How to complete this task — Every line in the data below has to be repeated exactly; no picture belongs in the result.

Short text fragments from websites:
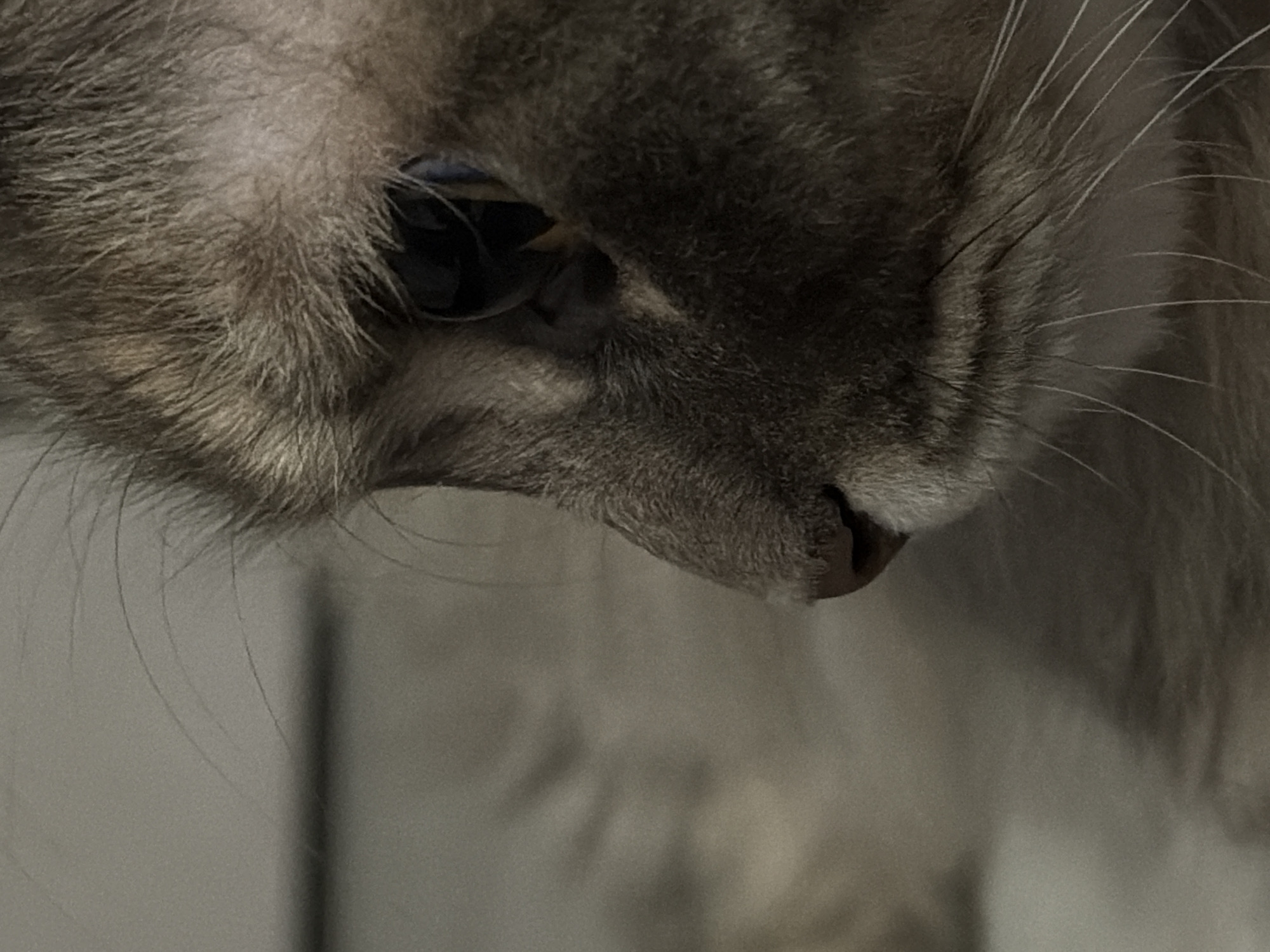 The image is a close-up, side-profile shot of a cat's face. The cat's fur is a mix of grey and brown, with some lighter tones around the eye and nose area. Its eye is partially visible, appearing dark. The whiskers are long and white, fanning out from the muzzle. The background is out of focus, showing a soft, blurry, light-colored surface, possibly a blanket or furniture. There is no indication of Izhevsk, Russia, or any urban environment in this image.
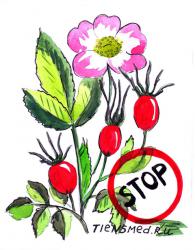 Почему болит голова от отвара шиповника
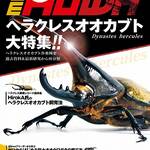 BEKUWA ビークワ　54〜84セット ビークワ54号（BE・KUWA） 世界のコクワガタ大特集!!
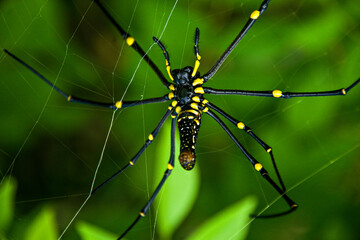 spider on a leaf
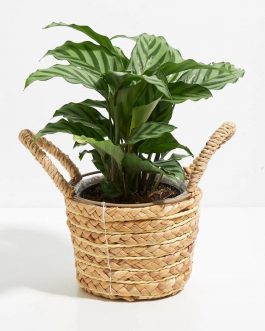 Calathea Freddy/ Calathea Concinna Freddy (single plant)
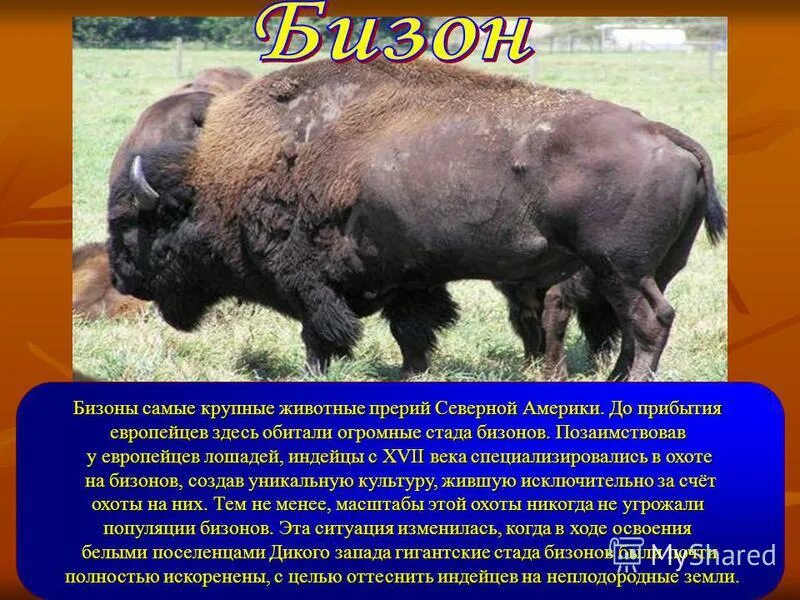 В какой зоне обитает зубр. Бизон обитает. Где водятся бизоны. Бизон описание. Где обитает Бизон на каком материке.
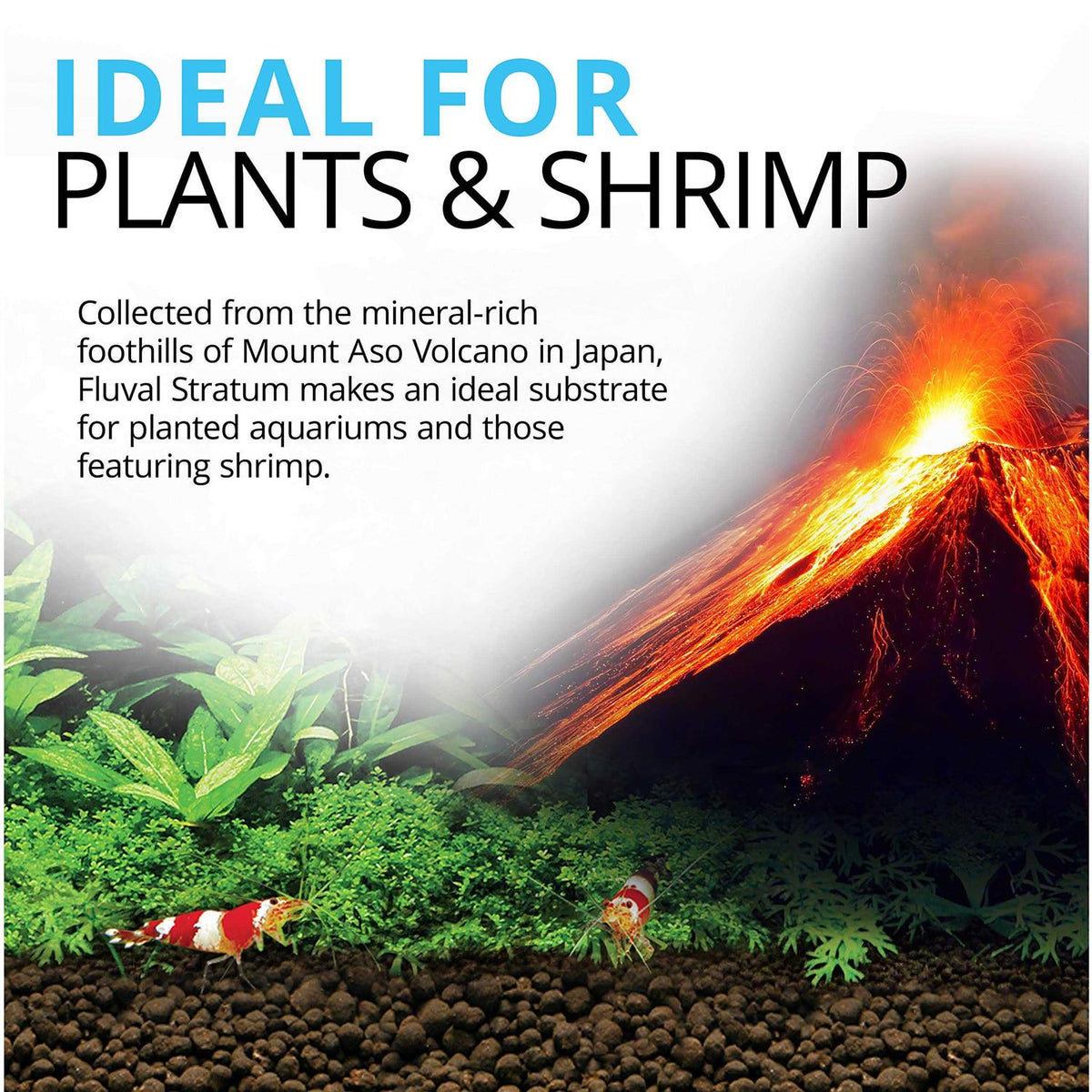 Plant and Shrimp Stratum O687608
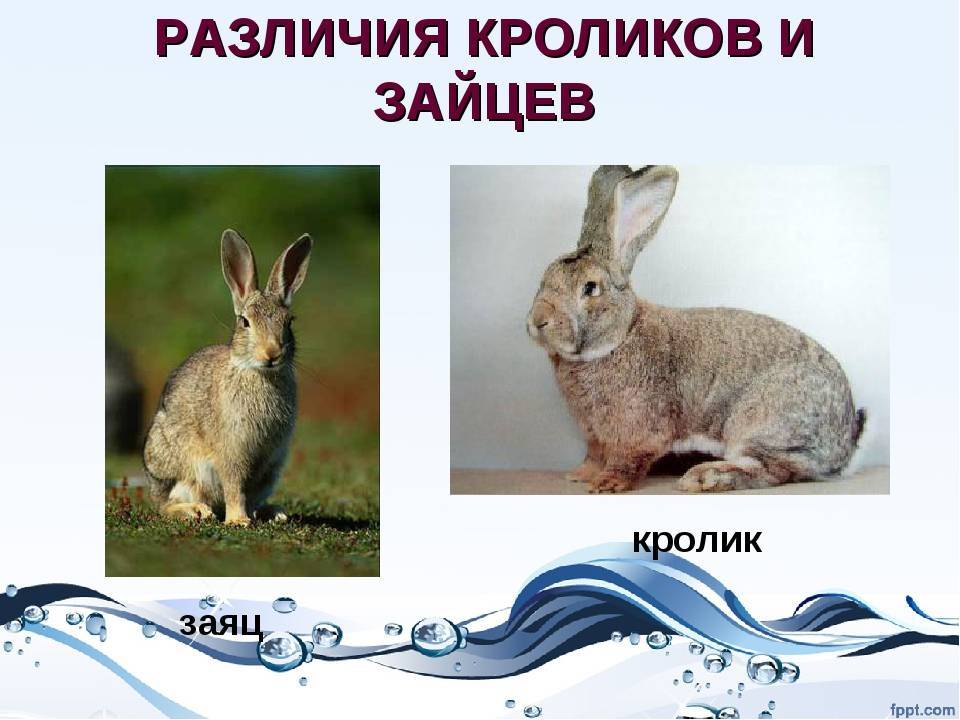 Основные отличия кролика от зайца: внешние особенности, образ жизни животных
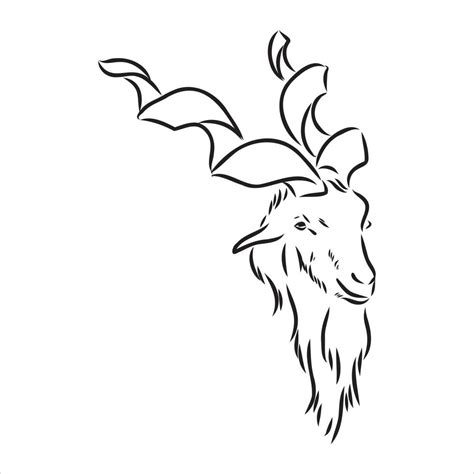 mountain goat vector sketch 7309142 Vector Art at Vecteezy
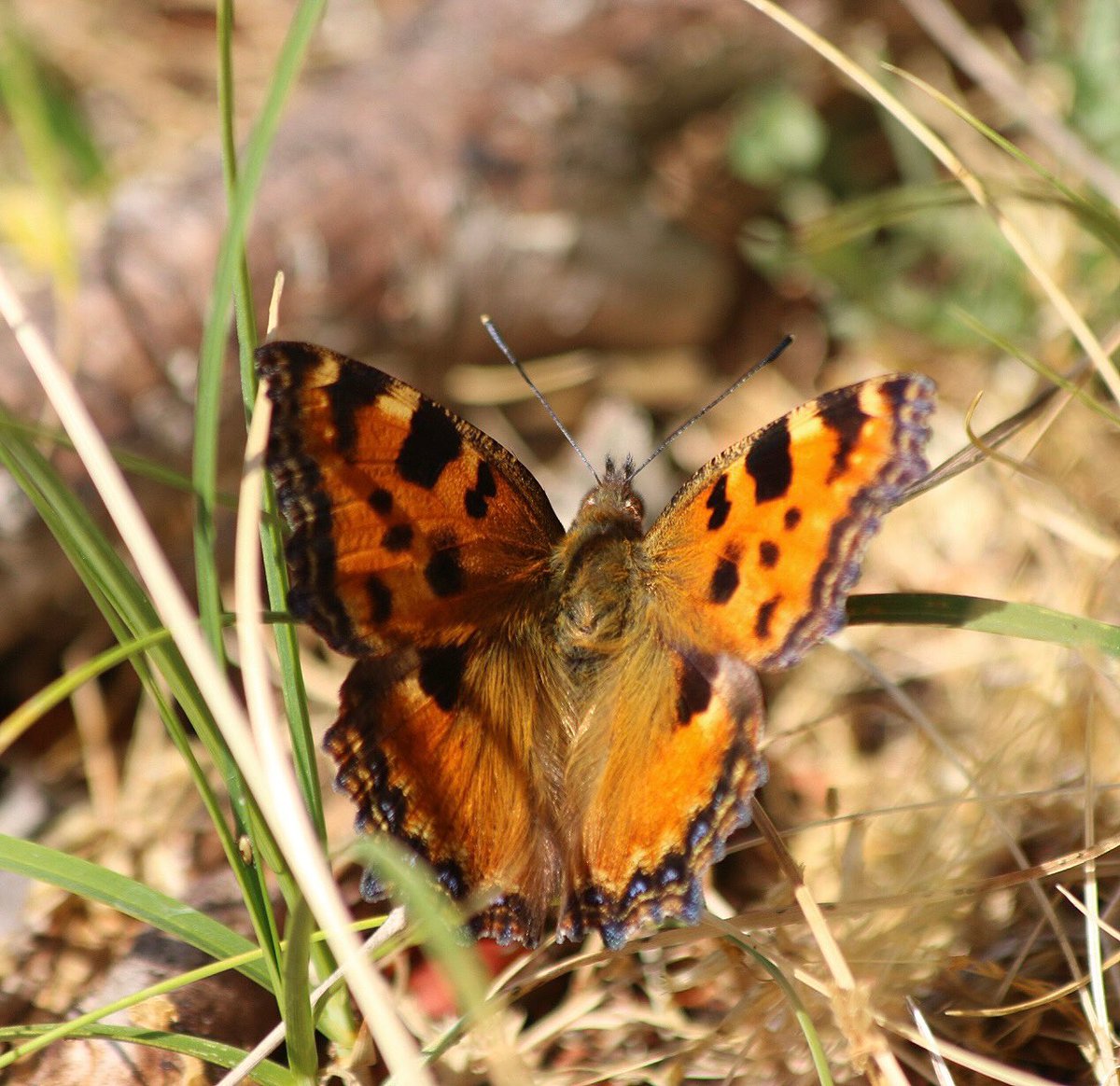 #Vlindermaand Dag 19.2

#GroteVos

Gezien in de AWD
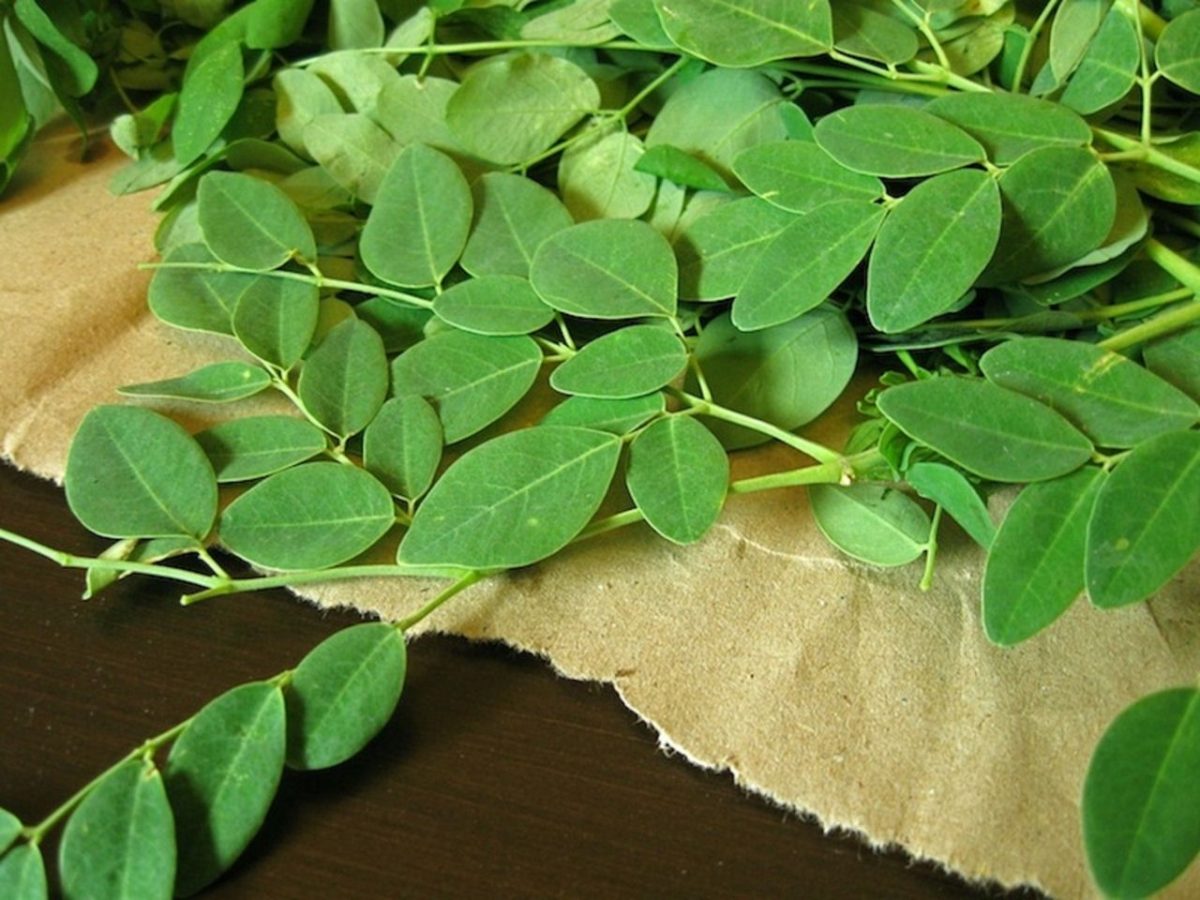 Kỹ thuật trồng cây chùm ngây - Thức rau xanh, dược liệu tốt cho sức khỏe 2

Exercise result —
 The image is a close-up, side-profile shot of a cat's face. The cat's fur is a mix of grey and brown, with some lighter tones around the eye and nose area. Its eye is partially visible, appearing dark. The whiskers are long and white, fanning out from the muzzle. The background is out of focus, showing a soft, blurry, light-colored surface, possibly a blanket or furniture. There is no indication of Izhevsk, Russia, or any urban environment in this image.
 Почему болит голова от отвара шиповника
 BEKUWA ビークワ　54〜84セット ビークワ54号（BE・KUWA） 世界のコクワガタ大特集!!
 spider on a leaf
 Calathea Freddy/ Calathea Concinna Freddy (single plant)
 В какой зоне обитает зубр. Бизон обитает. Где водятся бизоны. Бизон описание. Где обитает Бизон на каком материке.
 Plant and Shrimp Stratum O687608
 Основные отличия кролика от зайца: внешние особенности, образ жизни животных
 mountain goat vector sketch 7309142 Vector Art at Vecteezy
 #Vlindermaand Dag 19.2

#GroteVos

Gezien in de AWD
 Kỹ thuật trồng cây chùm ngây - Thức rau xanh, dược liệu tốt cho sức khỏe 2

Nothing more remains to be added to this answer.